Can someone pls explain this one for me, I’m having hard time figuring out the logic.
Consider a stock that will have a value of either 22 or 14 one year from now. If the risk-free rate is 5%, what is
the ratio of shares to short call options with an exercise price of 18 for a portfolio that will have the same value at expiration
regardless of the stock price at the end of the year?
A. 0.50.
B. 0.48.
C. 0.53. Explanation
A is correct. With a stock price of 22 at expiration, the short call payoff is –4.
With a stock price of 14 at expiration, the call payoff is zero.
The appropriate hedge ratio is (4 – 0) / (22 – 14) = 0.5.
Portfolio value: 0.5(22) – 4 = 0.5(14) = 7
A portfolio of 0.5 shares of stock to 1 short call option will produce the same portfolio value whether the stock price at expiration is 22 or 14.
We are calculating the hedge ratio.
Put yourself in the mind of a swap dealer. You have just written a call (short call) and want to hedge (remove) the risk. Payou of short call +ve if stock goes down (premium received) negative if stock goes up.
You can hedge this risk by going long a certaiin number of shares = h
H = (call value fi share goes up - call value if share goes down) / (share price if up - share value_
If share at 22 call (x=18) value = 4,
If shate at 14 call (x=18) value = 0
hedge ratio = h = (4-0)/(22-14) = 0.5
If we write 1 call we must go long 0.5 shares.

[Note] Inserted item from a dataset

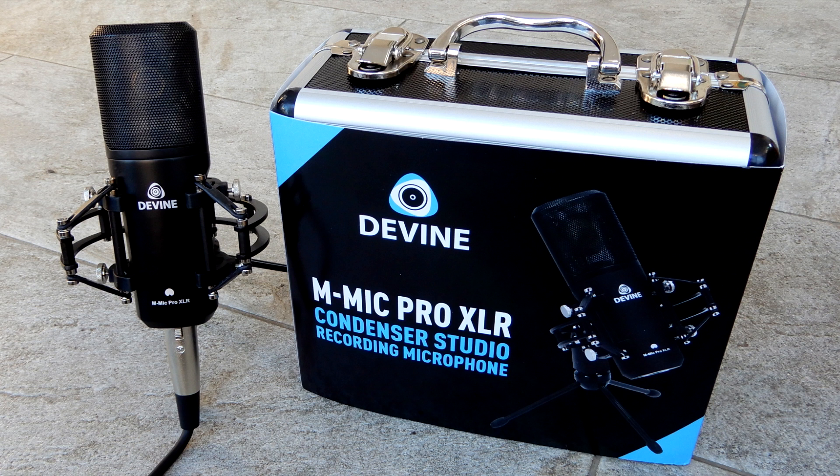The Divine M-Mic Pro XLR is a large diaphragm condenser mic, which can be connected to a separate audio interface or mixer through the XLR connection. It is a fantastic mic for conference calls, podcasts, and gaming, but thanks to the wide and natural frequency response, the M-Mic Pro is also suitable for recording music, for example vocals or an acoustic guitar.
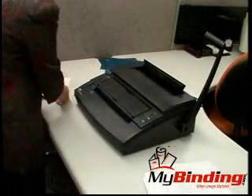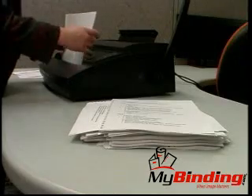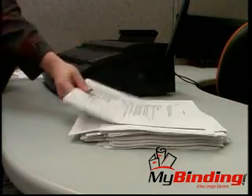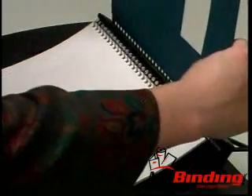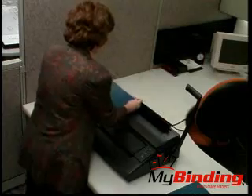The WirePro's many user-friendly features and the electric punching power for 17 sheets result in superb productivity. Separate punch and bind features mean that you can build your book as you punch for even faster binding.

To make maths easier think write 100 calls buy 50 shares
If share price goes to 22
Value of share - loss on call = 22 x 50 - 4x100 = 700
If share price goes 14
Value of share - loss on call = 14 x 50 - 0 x 100 = 700
It is the same value no matter what happens. We could aslo show the if the call is priced correctly the return on the trade would be the risk free rate.